# Can't go online: vehicle in use error message



## UberComic (Apr 17, 2014)

Accepeted a Lyft request from 17 minutes away in an area where there are usually no cars earlier this evening. The ride was cancelled just as I was pulling up. I was a tad pissed off.

Later on in the night I got an Uber request from roughly the same area, again 17 minutes away. Usually I would take it, but was still sore about the cancellation from earlier. Since declining the ride I haven't been able to go online. All I get is an error message saying "vehicle in use."

I've tried resetting the phone several times and selecting the vehicle again, but it still does the same thing. Hope it resolves itself in the morning.


----------



## Sydney Uber (Apr 15, 2014)

UberComic said:


> Accepeted a Lyft request from 17 minutes away in an area where there are usually no cars earlier this evening. The ride was cancelled just as I was pulling up. I was a tad pissed off.
> 
> Later on in the night I got an Uber request from roughly the same area, again 17 minutes away. Usually I would take it, but was still sore about the cancellation from earlier. Since declining the ride I haven't been able to go online. All I get is an error message saying "vehicle in use."
> 
> ...


Strange, I've had that message, but it was because I had tried to log in on one of the 4 vehicles I have accounts with Uber that was already logged on with another driver.

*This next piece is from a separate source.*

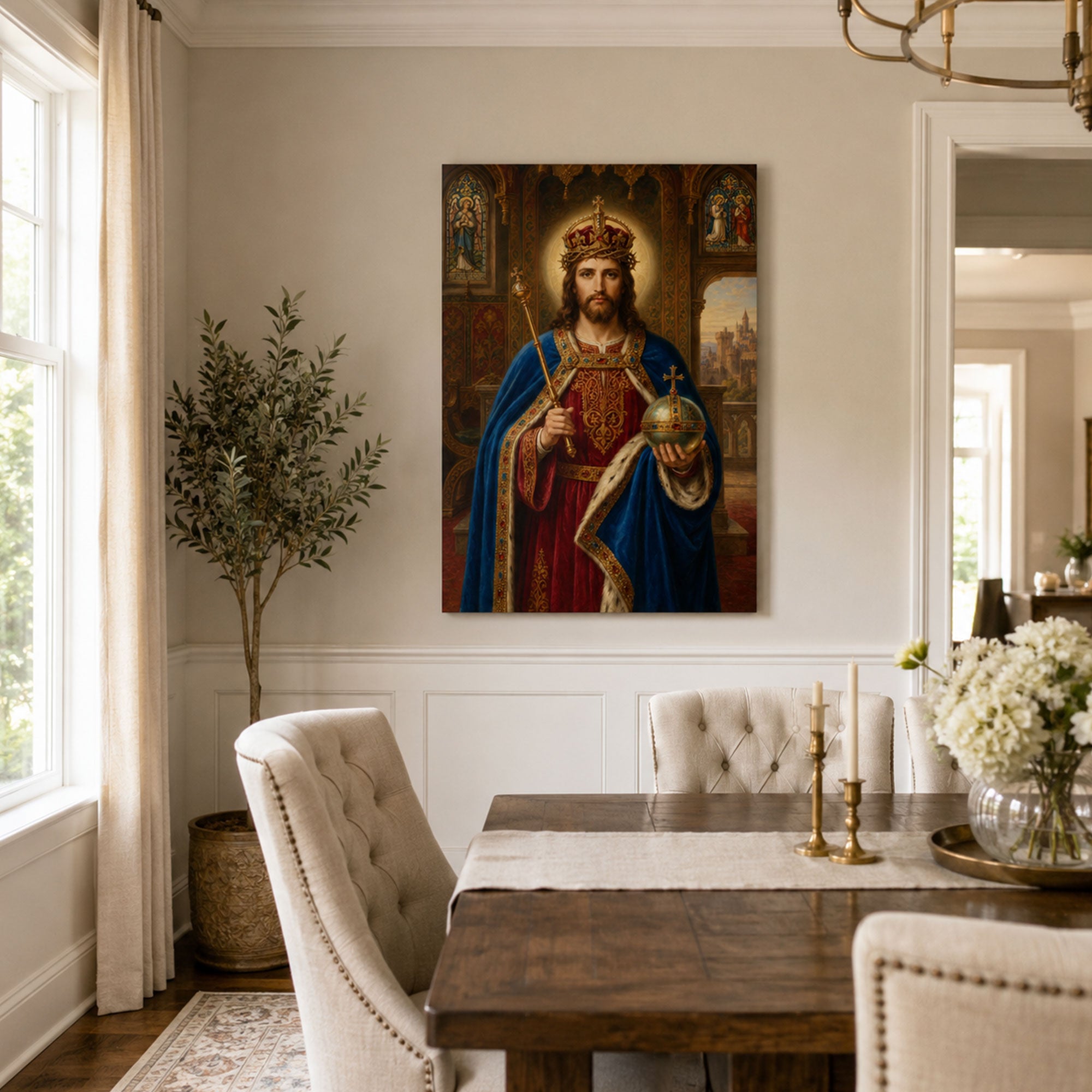 Christ the King Canvas Print, Crowned Jesus Catholic Wall Art, Royal Faith Home Decor Gift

Can someone gotten your email & Pin?

Have you tried going to the prior page, signing out then logging back in?


----------



## UberComic (Apr 17, 2014)

I've tried logging out and then back in. Didn't work.


----------



## Joanne (May 7, 2014)

If you log into your dashboard does it say your account is active?


----------



## UberComic (Apr 17, 2014)

Joanne said:


> If you log into your dashboard does it say your account is active?


Yes it does


----------



## michaeljackson (Apr 10, 2014)

Try powering your phone to full charge while its off. I had issue before and it seemed related to battery.


----------



## The Geek (May 29, 2014)

UC,

I'm just a trouble-shooting Geek grasping at straws. Looks like an iOS case of 'Mac Voodoo" that us Geeks encounter often enough. Have you tried going into airplane mode, then using WiFi to do the log-in? Additionally, giving the '*UberDriver*' selection under [*Privacy* > *Location services*] a kick on & off (and try logging on w/ both selections separately) might defeat the 'coma' you are experiencing.


----------



## The Geek (May 29, 2014)

UC,

There is also a painfully simple thing to try; a cold boot. Power OFF the phone, wait NO LESS than 25 seconds (for static RAM to clear - it lingers) and power back up. This should effectively ****** most things unless there is a deeper issue in which case it's a matter of 'signal flow' and messing about w/ things that affect that (see post above) to al the very least FORCE it to give a different error. If it does this the clues start to mount.


----------



## UberComic (Apr 17, 2014)

I've tried everything. Might run it over to Uber's Santa Monica office if I get a Lyft rider headed that way.


----------



## zaner (Apr 9, 2014)

Ive had conflict with the wifi before that caused similar issues.


----------



## SoCal_Uber (May 2, 2014)

Very unlikely, but could your newly installed wifi hotspot be causing the issue?


----------



## The Geek (May 29, 2014)

UC,

Try this:
*Hard Reset - Turning the iPhone Off*
You can completely power the iPhone down by doing a Hard Reset. Press and hold the Home button and the Sleep button at the same time for at least ten seconds, until the Apple logo appears. None of your apps or settings will be lost. This is a good way to conserve power and also to completely reset the iPhone. This might be necessary if a buggy app crashes.


----------



## remy (Apr 17, 2014)

If in any case its not your phone. Its uber app. Possible reset loop on their end.


----------



## UberComic (Apr 17, 2014)

I honestly think its on their end. I sent an email to them first thing this morning, and have yet to hear back. Thank god I got a Lyft account last week.


----------



## remy (Apr 17, 2014)

Ya it is on their end. You tried everything.


----------



## LookyLou (Apr 28, 2014)

Breaking News!

Lyft saves distraught Uber Driver!


----------



## Jay2714 (Jun 12, 2014)

It is I also had this issue and they contacted me to restart phone . Hard reset with power and home button. They also told me to go to general setting and reset the network setting but nothing work . It actually happened on the day I first started lyft . Then on third day it started working fine again . But uber support said if it persists gonna have to send phonr in and get new one .


----------



## remy (Apr 17, 2014)

Wonder if Uber phone detects Lyft network? Haha joking! Or maybe...?


----------



## Jay2714 (Jun 12, 2014)

I think somehow they both have a connection.. who knows .


----------



## Joanne (May 7, 2014)

I just noticed that the network is 1X. Does it work when you have better reception?


----------



## UberComic (Apr 17, 2014)

Joanne said:


> I just noticed that the network is 1X. Does it work when you have better reception?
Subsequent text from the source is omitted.